*** Opening of Information shown ***

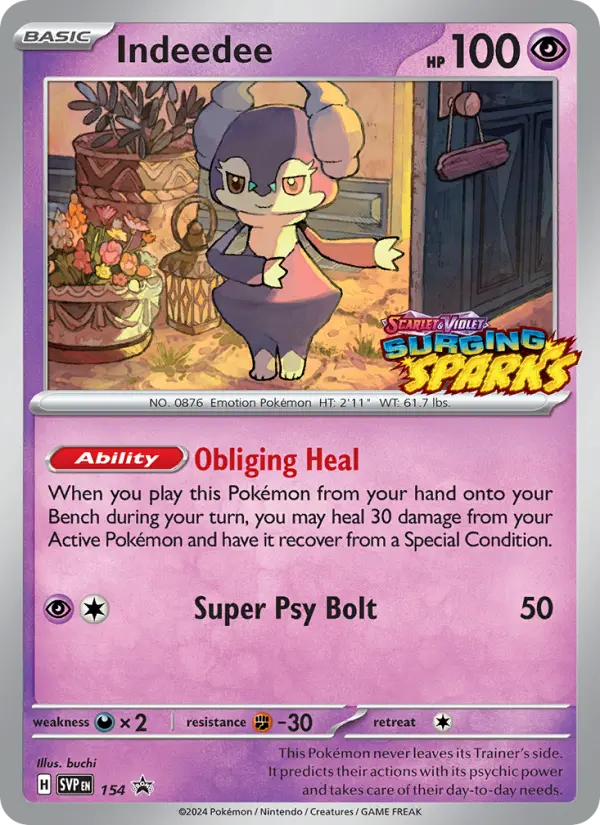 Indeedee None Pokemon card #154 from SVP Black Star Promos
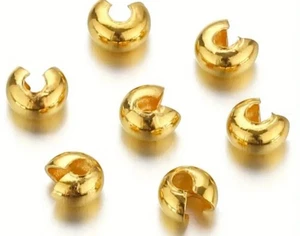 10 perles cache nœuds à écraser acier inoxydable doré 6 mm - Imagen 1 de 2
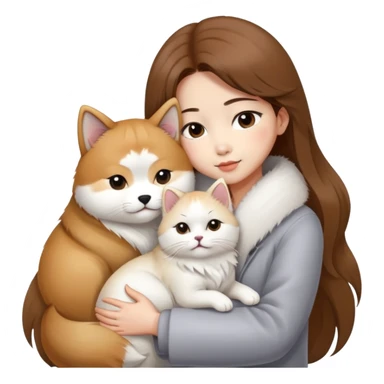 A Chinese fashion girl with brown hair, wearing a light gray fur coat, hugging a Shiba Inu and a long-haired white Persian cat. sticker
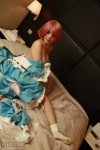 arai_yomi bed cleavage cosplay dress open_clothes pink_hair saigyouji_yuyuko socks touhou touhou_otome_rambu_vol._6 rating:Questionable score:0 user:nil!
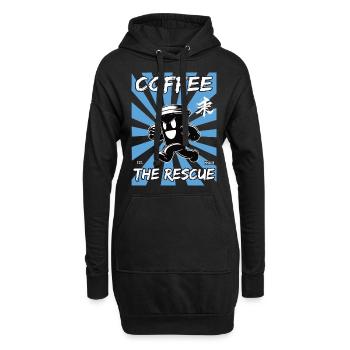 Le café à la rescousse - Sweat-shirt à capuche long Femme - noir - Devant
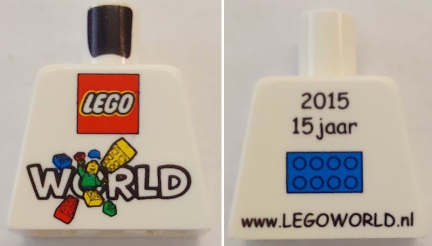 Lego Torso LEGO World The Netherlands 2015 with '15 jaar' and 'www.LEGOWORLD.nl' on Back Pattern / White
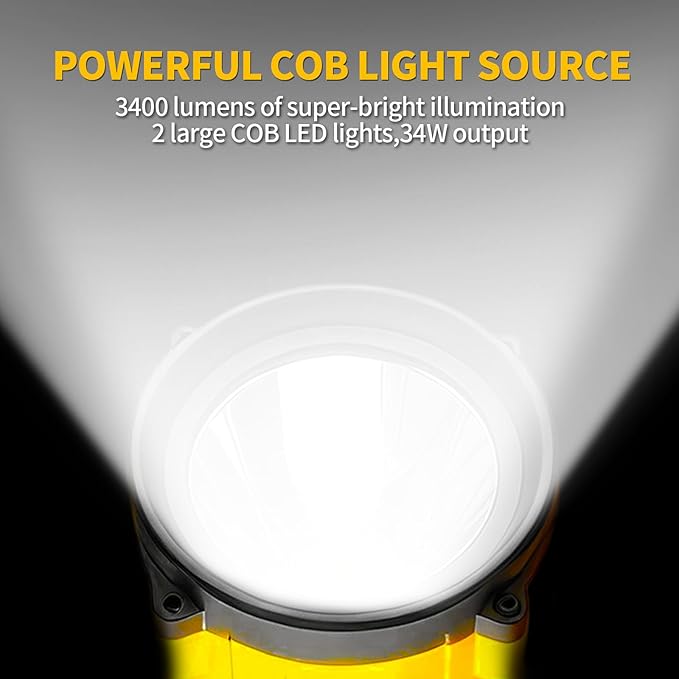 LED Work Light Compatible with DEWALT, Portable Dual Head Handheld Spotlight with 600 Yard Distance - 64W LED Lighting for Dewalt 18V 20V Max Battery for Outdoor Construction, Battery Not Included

*** Close of Information shown ***

» **Instructions to follow**
Output the data above in full and exactly, with every image left out.

» **Solution to the exercise**
 Indeedee None Pokemon card #154 from SVP Black Star Promos
 10 perles cache nœuds à écraser acier inoxydable doré 6 mm - Imagen 1 de 2
 A Chinese fashion girl with brown hair, wearing a light gray fur coat, hugging a Shiba Inu and a long-haired white Persian cat. sticker
 arai_yomi bed cleavage cosplay dress open_clothes pink_hair saigyouji_yuyuko socks touhou touhou_otome_rambu_vol._6 rating:Questionable score:0 user:nil!
 Le café à la rescousse - Sweat-shirt à capuche long Femme - noir - Devant
 Lego Torso LEGO World The Netherlands 2015 with '15 jaar' and 'www.LEGOWORLD.nl' on Back Pattern / White
 LED Work Light Compatible with DEWALT, Portable Dual Head Handheld Spotlight with 600 Yard Distance - 64W LED Lighting for Dewalt 18V 20V Max Battery for Outdoor Construction, Battery Not Included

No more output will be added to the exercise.